Records for this task =
════════════════════
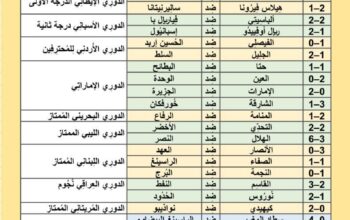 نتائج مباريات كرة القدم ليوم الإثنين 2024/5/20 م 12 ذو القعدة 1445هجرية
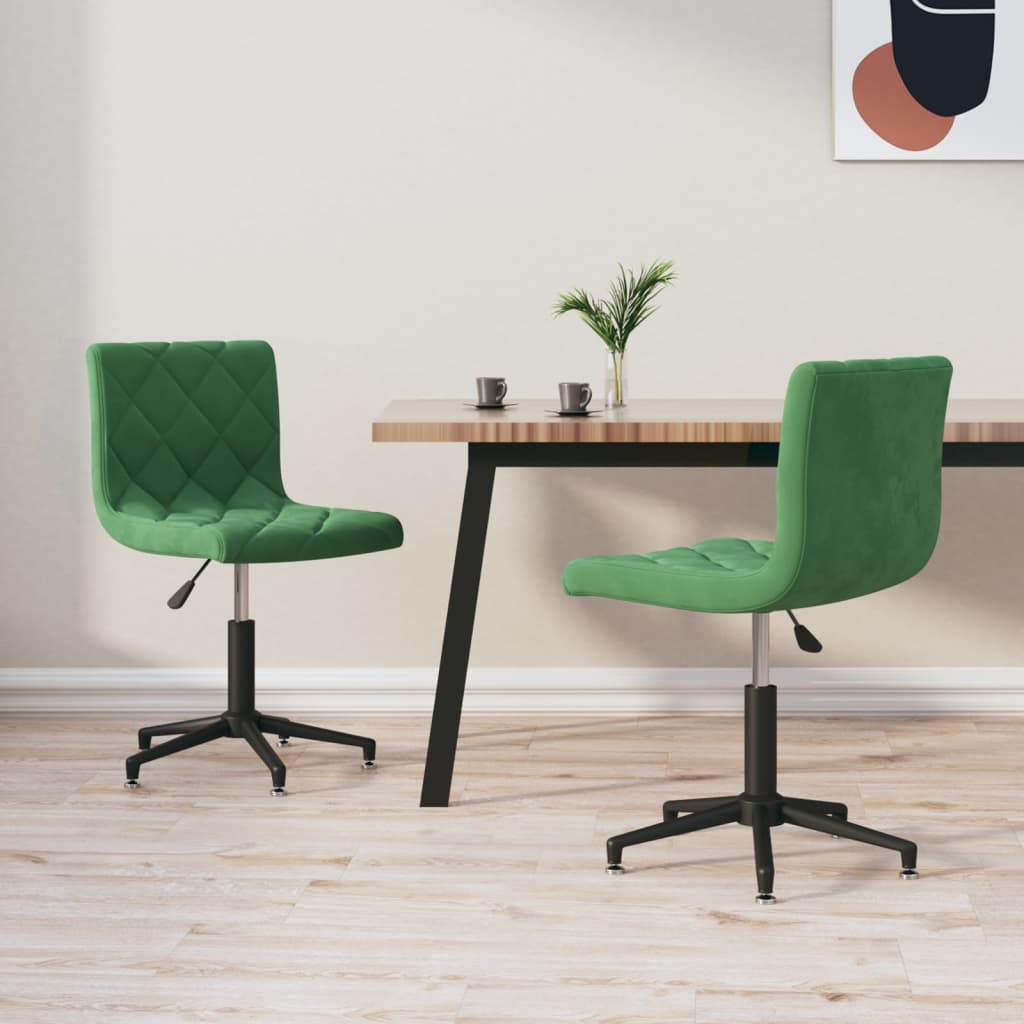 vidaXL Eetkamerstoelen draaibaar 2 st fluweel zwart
════════════════════
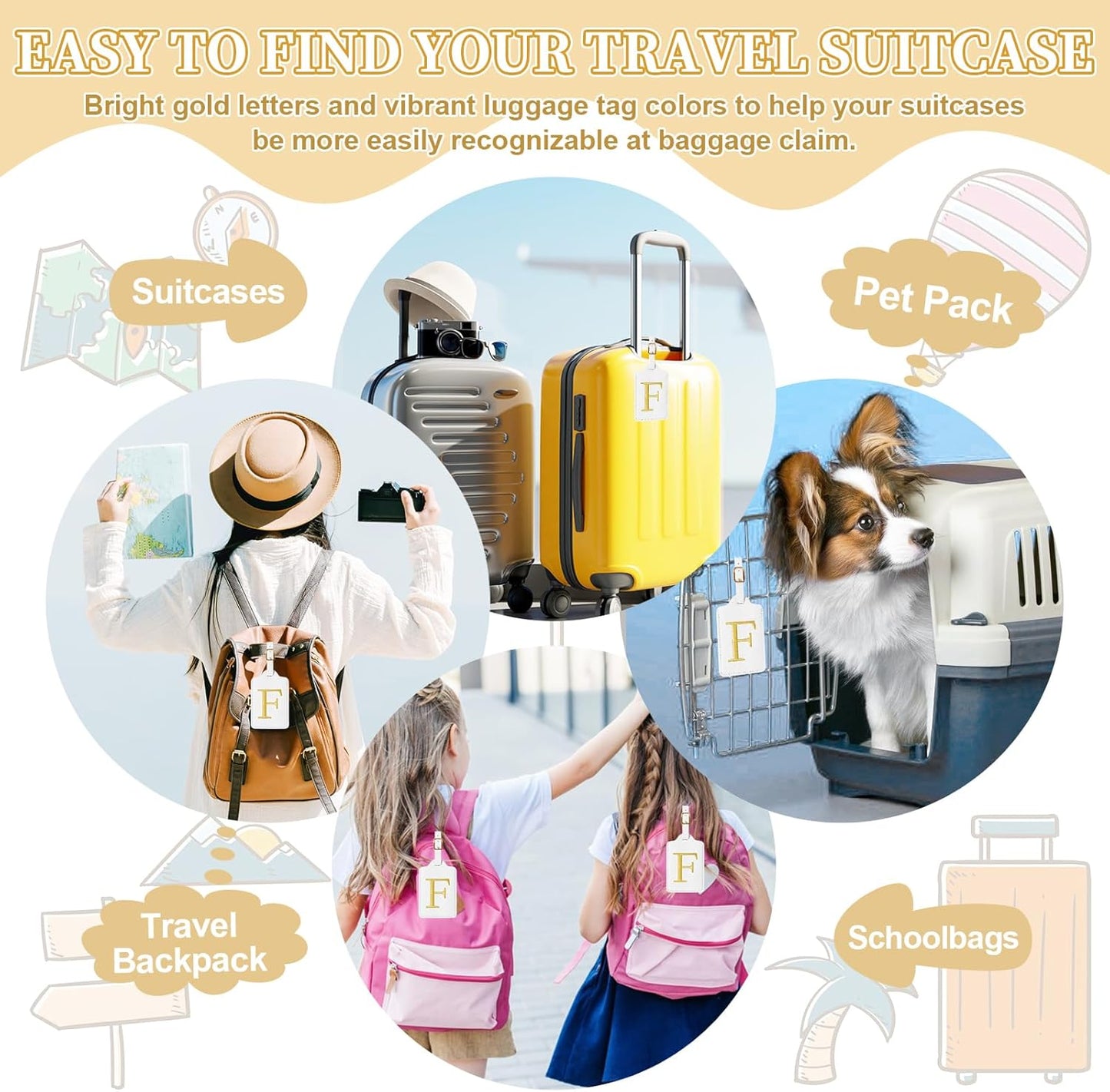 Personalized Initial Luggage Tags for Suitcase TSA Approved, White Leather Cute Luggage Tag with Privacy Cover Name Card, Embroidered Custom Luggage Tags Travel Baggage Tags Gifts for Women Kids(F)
════════════════════
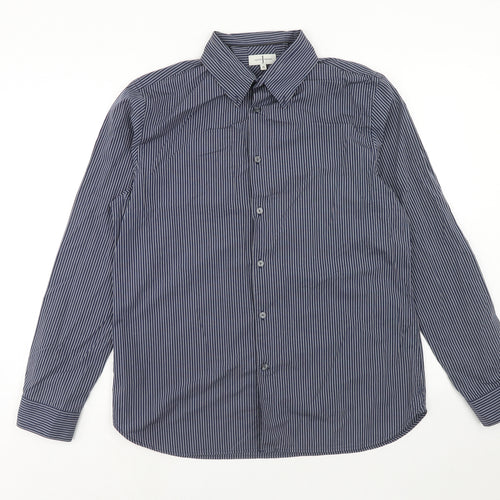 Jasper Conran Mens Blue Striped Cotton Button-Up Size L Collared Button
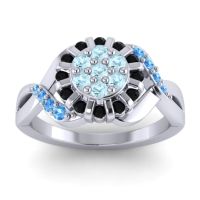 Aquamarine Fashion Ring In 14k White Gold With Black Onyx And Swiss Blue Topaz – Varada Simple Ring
════════════════════
Your task = Restate the lines above from the one containing "نتائج مباريات كرة" through the one containing "vidaXL Eetkamerstoelen draaibaar", inclusive, exactly and without pictures.

Exercise output =
 نتائج مباريات كرة القدم ليوم الإثنين 2024/5/20 م 12 ذو القعدة 1445هجرية
 vidaXL Eetkamerstoelen draaibaar 2 st fluweel zwart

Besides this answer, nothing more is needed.